The sense of blurriness in the bass, though, is given by the Burson amplifier. Ruling it out, and using the NFB-9.2 through Eximus DAC, the difference in bass reproduction becomes much smaller, with close degree of definition and precision. The Audio-gd flavour comes out as flatter and more transparent than using Burson amplifier, with (comparatively to the Eximus) more energy in the upper register.
If I had to make the differences between the two sources, using the same Eximus amp (with its own character of being delicate, transparent, smooth and refined) larger than they are, stretching them, I would trace two distinct profiles, where the Eximus has the capability to render notes with a deep, intense colour, giving headphone listening a focused, romantic listening.
The Audio-gd NFB-9.2's puts its strength on a balance of neutral timbre, bass weight, large sense of space, underlining certain trebly effects, while offering a believable, correct midrange reproduction. Such midrange trait is confirmed by listening to AKG K501, one of the few headphones I have heard which reproduces midrange correctly, which sounds sweet with the Audio-gd even if its mids aren't forward sounding like happens on sources like Bitstream.
Matching suggestions:
Among the headphones I could test, I especially liked AKG K501 with the Audio-gd. Apuresound ER4P were also a good pairing. With ER4S (and HF5 with PtoS adapter) there was a bit too much crispiness in the upper treble region and microdetail retrieval.
The Audio-gd is very pleasing with headphones having good midrange reproduction, being them correct reproducing ones (AKG K501, or Sennheiser HD600... or Stax SR-X Mk3 Pro and SR-003, for that matter), or forward sounding ones (my bias: Etymotic variants, Grado's), and I'd be also curious to use it with HD650, which sounded great with Eximus when I could try the combo in a shop.

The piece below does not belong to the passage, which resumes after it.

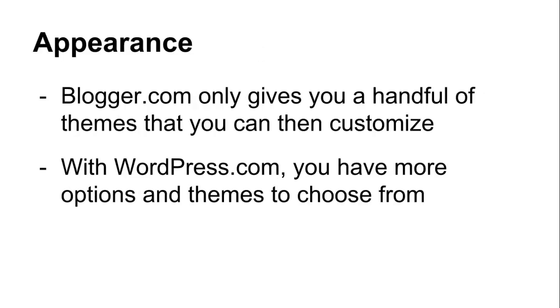When it comes to adjusting the look and feel of your blog, Blogger.com only gives you a handful of themes that you can then customize and change up a bit. Again, you're limited on what you're able to change and adjust due to being on their free platform. With WordPress.com, you have more options and themes to choose from within the themes section. However, since you're not self-hosting your blog, you are limited to what WordPress chooses to support, and you're unable to make manual changes to your chosen theme.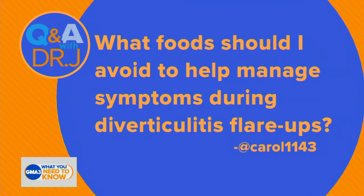We are back again with Dr. Jen with one of your questions about health and wellness. Here it is: What food should I avoid to help manage symptoms during diverticulitis flare-outs? That's right, Thomas Wester. So mini med school — what is diverticulitis?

I feel that, out of all my three sources (NFB-9.2, Eximus DP-1, Halide DAC HD), the NFB-9.2 is probably the best match for my Audio Technica AD2000: The AD2000 has very prominent midrange, often crossing the border of being peaky in the upper midrange / lower treble. Such exaggerated frequency response also makes the bass sound leaner than it actually is. The pairing takes the advantage offered by the Audio-gd DAC's bass weight, expansive sound and flat midrange, which basically enhances all the sonic characteristics of the AD2000. I would strongly advise towards this combo, especially for Audio Technica lovers. As far as amps go, I'd use either a very smooth and transparent solid-state amplifier (being it, as an example, the amp section in Eximus DP-1), or neutral tube amplifier. The Burson amp gives some justice to the NFB-9.2 DAC already, but the dac can scale much more.
Other thougths (mostly USB related):
Using it through USB, I have noticed that, at times, my computer needs to be rebooted, otherwise Foobar2000 would start producing glitches when reproducing the music. The same doesn't occur when using other digital inputs. I have noticed, that artifacts happened more when my Laptop was "resurrected" from Hibernation state (basically, when Windows 7 freezes the session and the computer switches off).
I will have to try other USB cables at some point, and I am going to install the drivers (which can be found on Audio-gd website) on other USB ports as well.
I wish I had a Stello U3 at hand, to see how the Tenor Chip fares against high quality external converters. I'd be expecting much also from Art Veloce (as soon as it comes out), or the future 192 kHz version of Halide Bridge.